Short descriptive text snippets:
==========

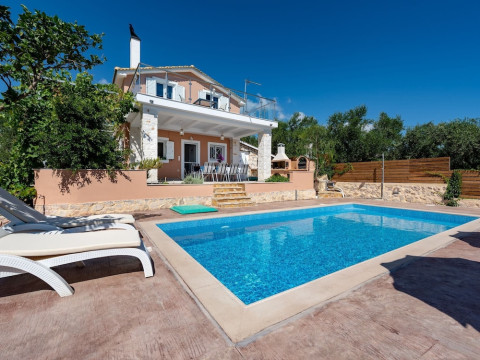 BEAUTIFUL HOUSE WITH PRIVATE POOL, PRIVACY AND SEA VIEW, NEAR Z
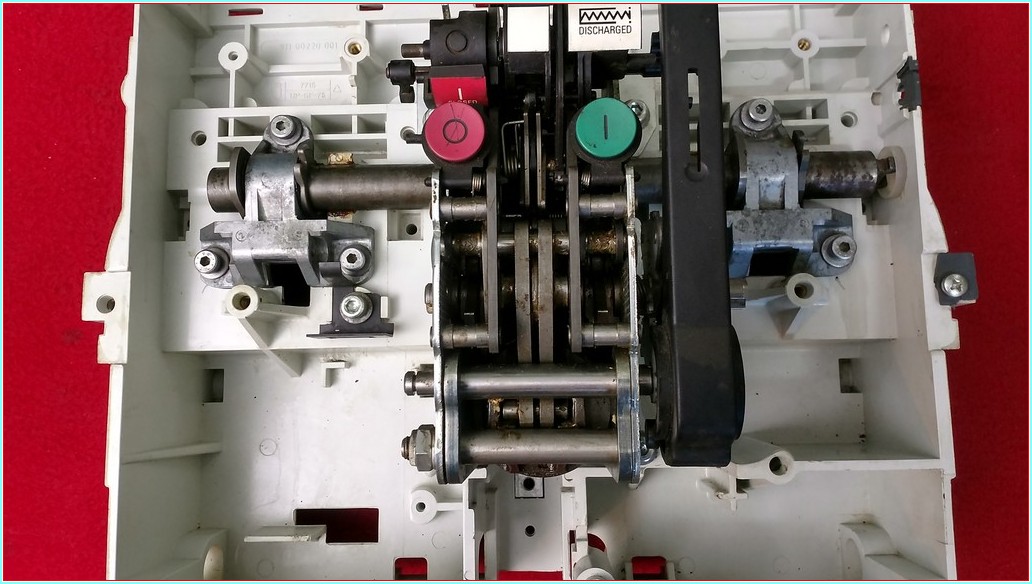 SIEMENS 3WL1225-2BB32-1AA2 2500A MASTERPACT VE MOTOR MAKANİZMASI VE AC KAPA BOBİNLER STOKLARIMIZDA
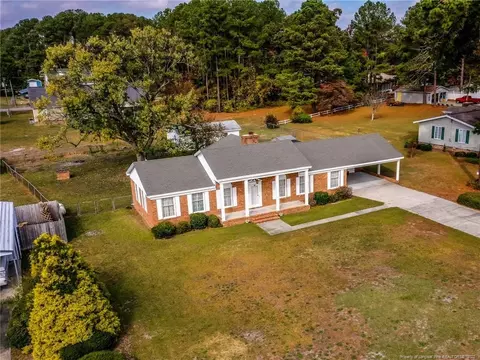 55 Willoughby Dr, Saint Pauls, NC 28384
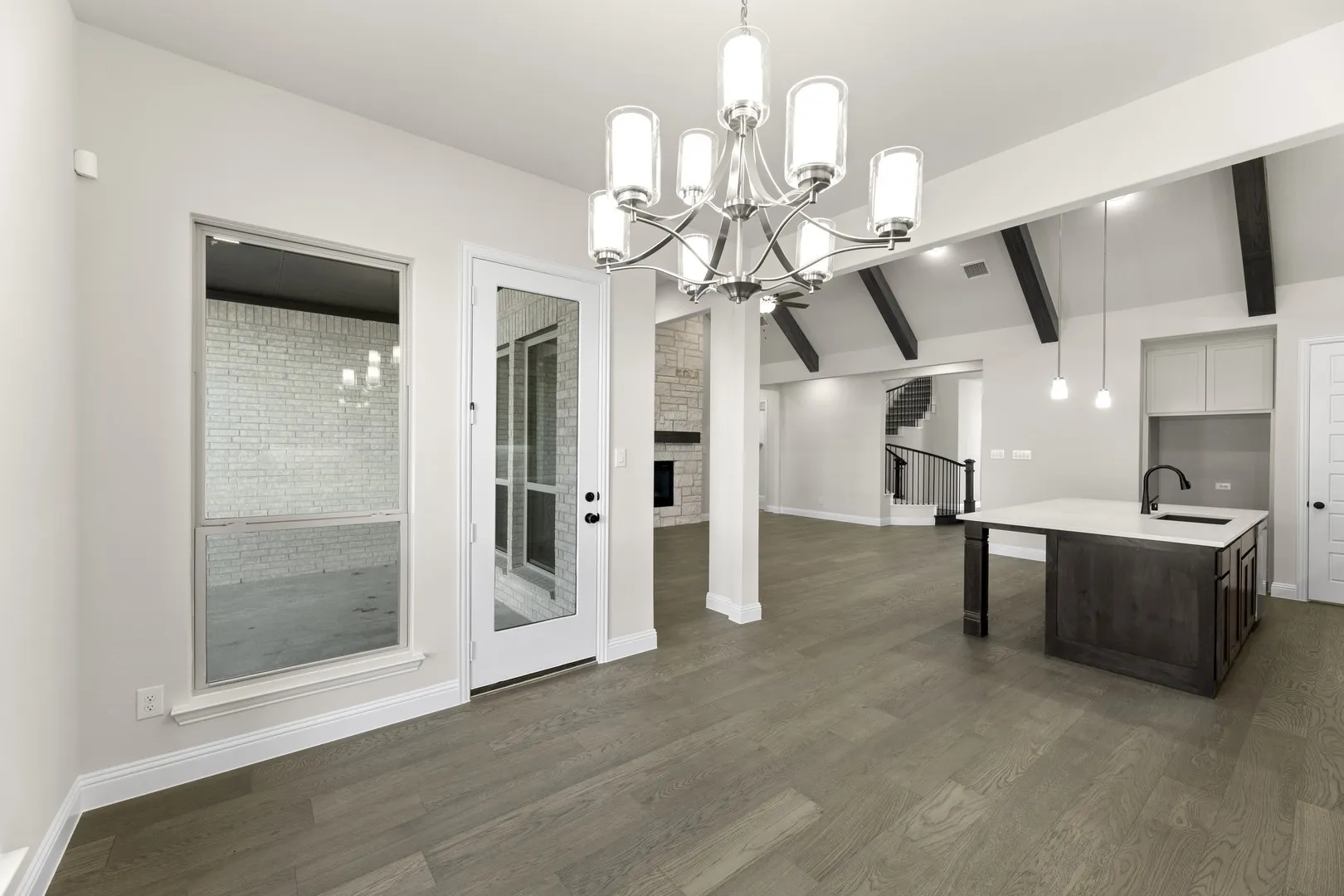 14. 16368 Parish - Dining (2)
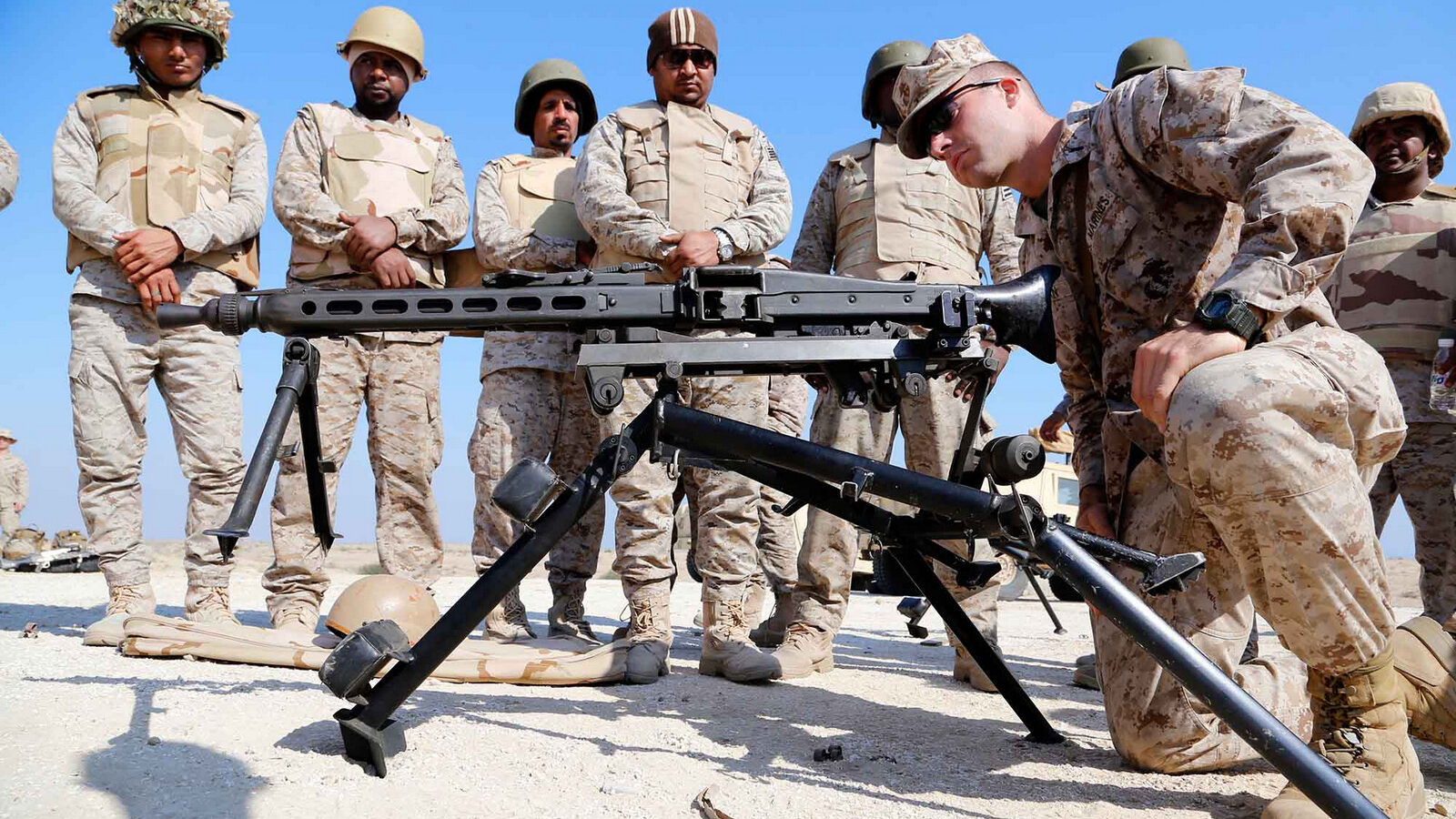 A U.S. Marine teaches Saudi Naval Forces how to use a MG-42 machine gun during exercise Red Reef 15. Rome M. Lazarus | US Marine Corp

==========

PROBLEM TO WORK ON: What you return must match the entries above exactly, apart from the pictures, which are left out.

THE ANSWER:
 BEAUTIFUL HOUSE WITH PRIVATE POOL, PRIVACY AND SEA VIEW, NEAR Z
 SIEMENS 3WL1225-2BB32-1AA2 2500A MASTERPACT VE MOTOR MAKANİZMASI VE AC KAPA BOBİNLER STOKLARIMIZDA
 55 Willoughby Dr, Saint Pauls, NC 28384
 14. 16368 Parish - Dining (2)
 A U.S. Marine teaches Saudi Naval Forces how to use a MG-42 machine gun during exercise Red Reef 15. Rome M. Lazarus | US Marine Corp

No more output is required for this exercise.